【レポート】共同研究「<承認>のフロンティア研究会」第5回研究会「<地元現象>から承認を考える」

投稿者:谷村要(関西学院大学大学院社会学研究科大学院GPリサーチアシスタント)


講師:轡田竜蔵(吉備国際大学社会学部専任講師)

日時:2010年1月30日(土)13:00-17:00

場所:関西学院大学上ヶ原キャンパス 全学共用棟二階GPレンタルラボ


いわゆる「地元志向」が若者たちに広がっていることが統計データから見てとることができる。グローバルな雇用流動化やトランスナショナルな労働力の移動が活発化する傾向のなか、なぜ「移動しない」ことを選択する若者が増えているのか。本研究会のゲストの轡田氏は、地方私立大学(X大学)出身の地方圏在住者26名への聞取りに基づいた知見からその現象を分析している。

 X大学は「非選抜型大学」(※)であることに加え、地方には大卒でなければならない職種の雇用が少ない。そのため、出身者の多くが従来の高卒の職種に流入し、幾人かはホワイトカラーの職種にこだわるゆえに不安定雇用に甘んじなければいけない状況にある。このように「地元」に留まることにデメリットがあるにもかかわらず、出身者の多くは地元就職にこだわる。なぜだろうか。
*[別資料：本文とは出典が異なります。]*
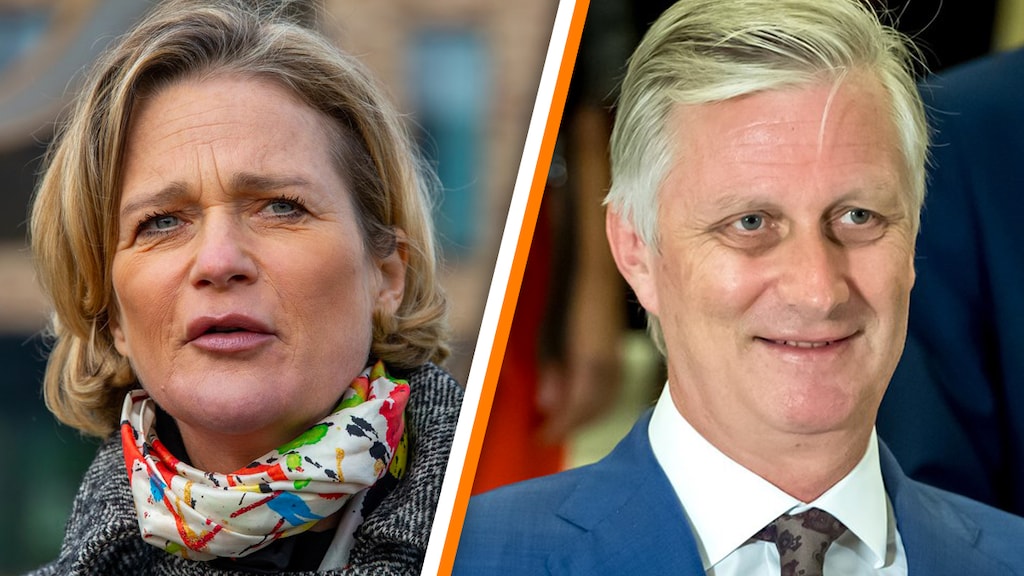 Prinses Delphine vertelt over ontmoeting met broer koning Filip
※非選抜型大学:事実上志望者をほぼ全員受け入れる「全入」状態の大学。「極端な言い方をすれば、学力的に最底辺のレベルであっても入学が可能である」。そのため、「1990年代初頭であれば」「高卒就労をしていた層で」入学者の半分が占められているという。

インフォーマントの語りを通して見えてくるのは必ずしも「地元志向」に関する従来の議論には当てはまらない「生」のあり方である。たとえば、「安定志向」であり「堅実」さを示すものとして「地元志向」は語られることがあるが、地元の状況は必ずしもそのような職種へと若者たちを導いていない。また、地方とはいえ消費環境はそれなりに整っていることにより、消費社会に包摂された感覚を彼らが持っていることや、過酷な労働環境ゆえに「実家」や「地元つながり」を存在論的な、あるいは経済的な包摂を必要とする若者たちの姿がそこにある。轡田氏の調査結果から見えてくるのは、決して明るくない見通しを語りながらも、「それでも『地元生活』がもたらすささやかな包摂の感覚によって、ぎりぎりのところで生活を支えている当事者のリアリティ」である。
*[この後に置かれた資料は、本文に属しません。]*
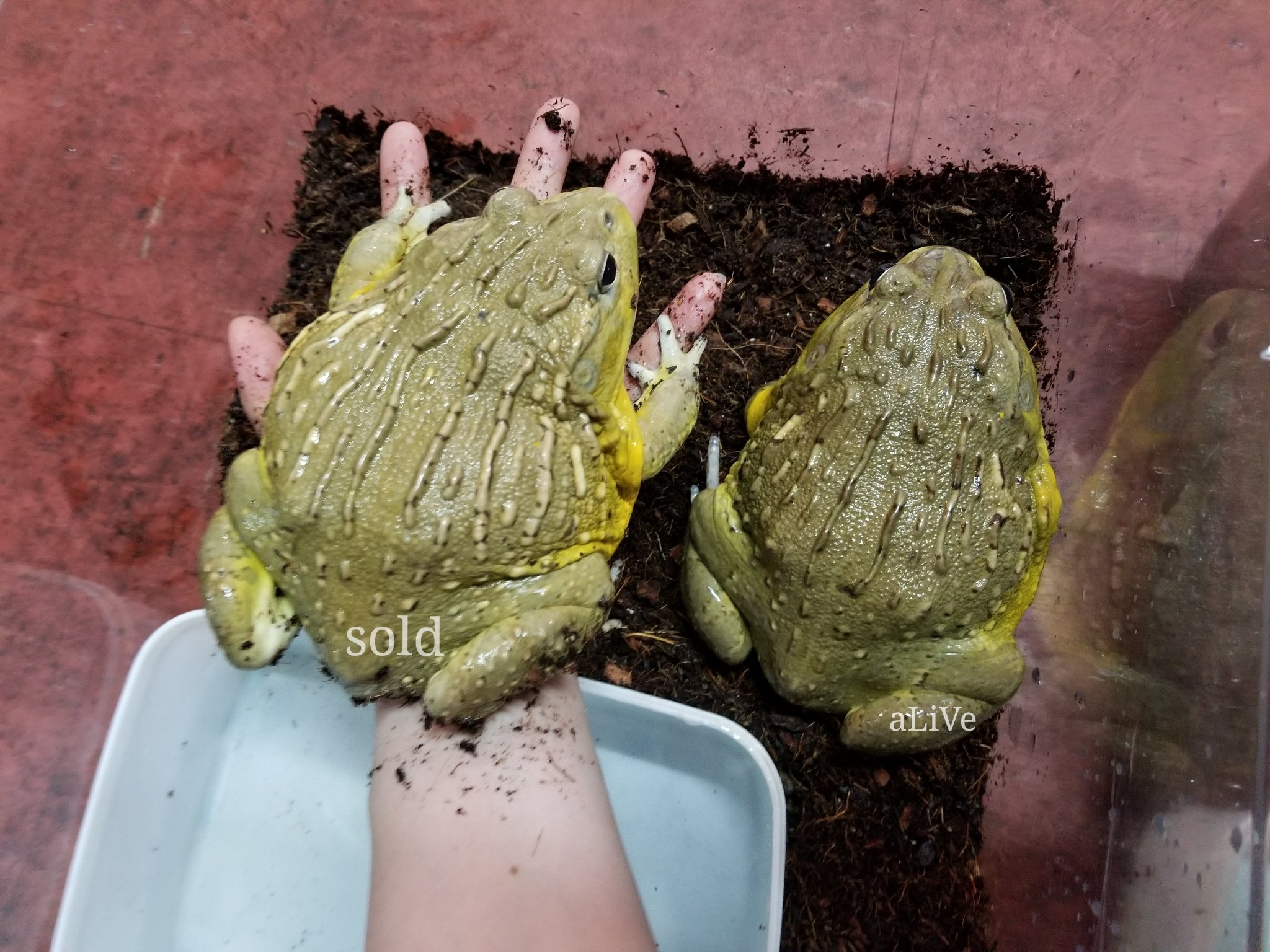 アフリカウシガエル でかい Www Hotellimaq Com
このような若者たちの「リアル」について、彼らを満ち足りたマジョリティか排除されたマイノリティかという問いや、保守的かクリエイティブかという問いで見てもイメージが二分されるだけで生産的認識はもたらされないとする轡田氏の議論には説得力があったように思う。

轡田氏の議論では、「実家」の存在を存在論的にも経済的にも「地元志向」へ若者たちを誘う大きな要素として捉えていた。一時期「パラサイト・シングル」としてバッシングを受けていた実家に住まうというライフスタイルが、「若者の甘え」でなく生きるために必要なものとして確かに存在している。それが果たして次の世代へとつながる再生産性を持つものなのか、ポスト「成長世代」ゆえに受けられる恩恵なのか。この点についてもさらに議論をしていく必要があると感じた。
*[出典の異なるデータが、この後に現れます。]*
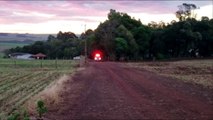 Mulher é atingida por cavalo e fica ferida em Cascavel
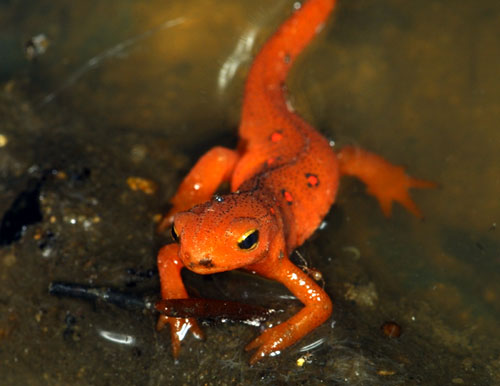 14791 Red Eft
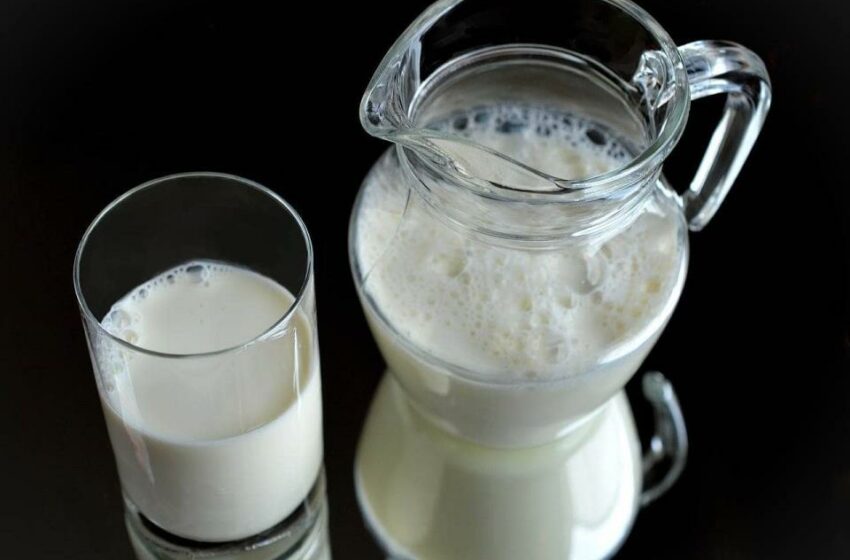  ¿Quiénes no deben consumir leche de vaca?; conoce la razón – El Porvenir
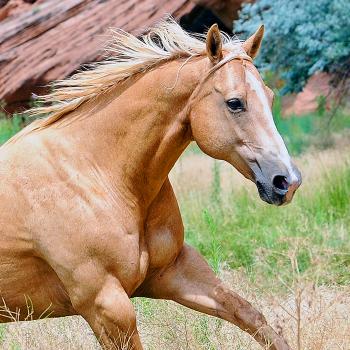 Horse running in a pasture in southern Utah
また、それに関連して轡田氏が指摘していたことで興味深かったのはこの「実家志向」には少なからず「男の宿命」というジェンダー観が関係しているということである。実際、女性は男性に比べ移動志向が強いケースが見られるという。「承認」問題を捉える上でこのようなジェンダーの問題も見逃すことはできない。

このように轡田氏の議論からは様々な視座を得ることができたが、轡田氏はノンエリート層のみならず、ローカルエリート層への調査・分析を現在進めているという。こちらも非常に興味をひくものであり、今後の成果に期待したい。